● TASK DIRECTIONS
Please set down only the lines below starting with the line with "IO-Average-Salary-By-Age-US-2025" and going on through the line with "Heavy-Duty Weatherproof Motor", verbatim and without pictures.

-------- PROVIDED RECORDS

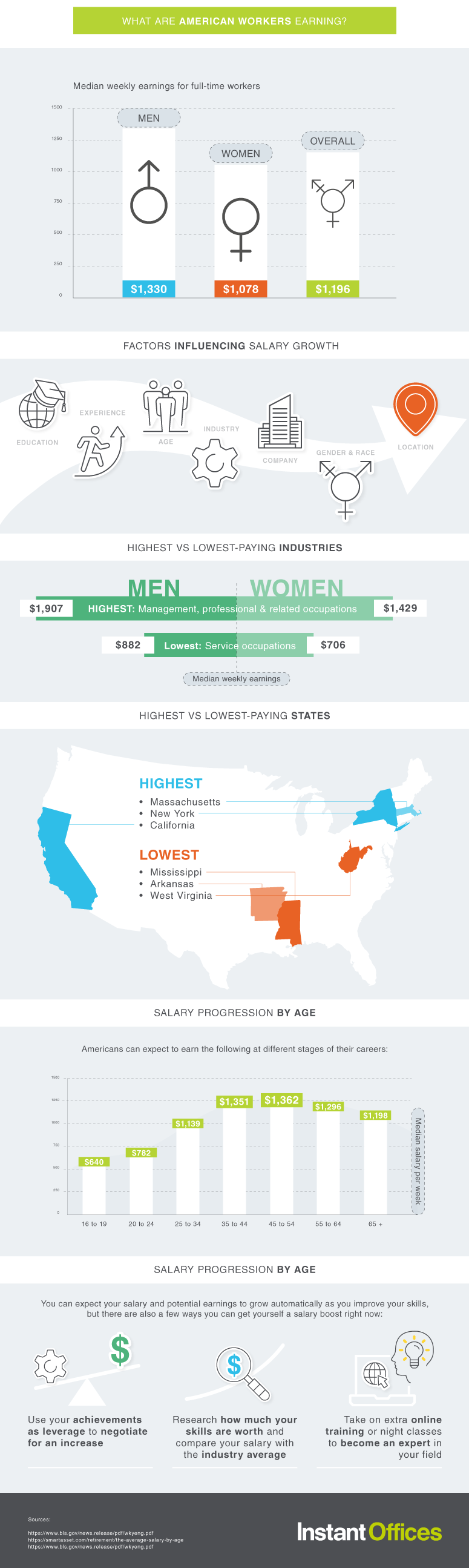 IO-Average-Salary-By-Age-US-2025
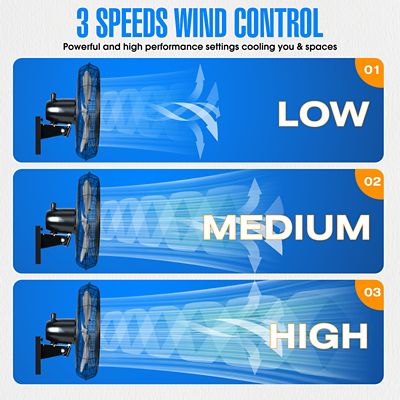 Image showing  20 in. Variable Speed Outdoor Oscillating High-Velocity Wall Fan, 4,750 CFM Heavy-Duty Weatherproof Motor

----------------
-------- PROVIDED RECORDS

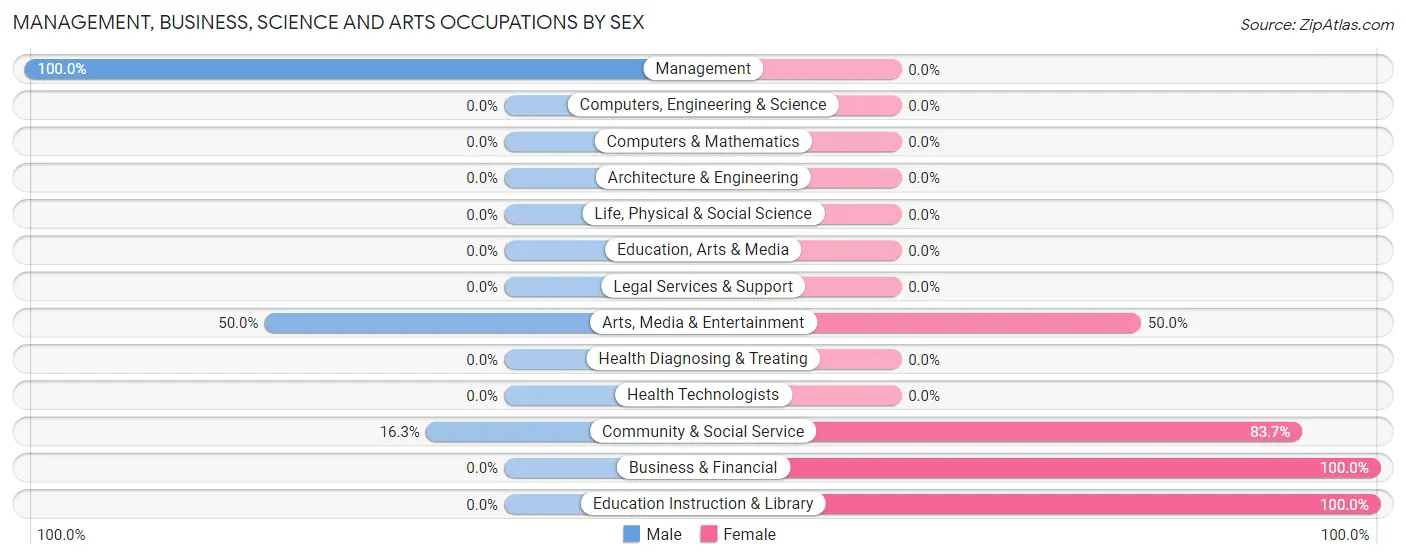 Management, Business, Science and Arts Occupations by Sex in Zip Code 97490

----------------
-------- PROVIDED RECORDS

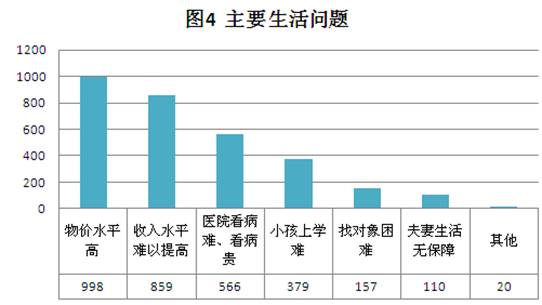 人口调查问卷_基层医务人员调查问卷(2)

----------------

● RESULT FOR THIS EXERCISE
 IO-Average-Salary-By-Age-US-2025
 Image showing  20 in. Variable Speed Outdoor Oscillating High-Velocity Wall Fan, 4,750 CFM Heavy-Duty Weatherproof Motor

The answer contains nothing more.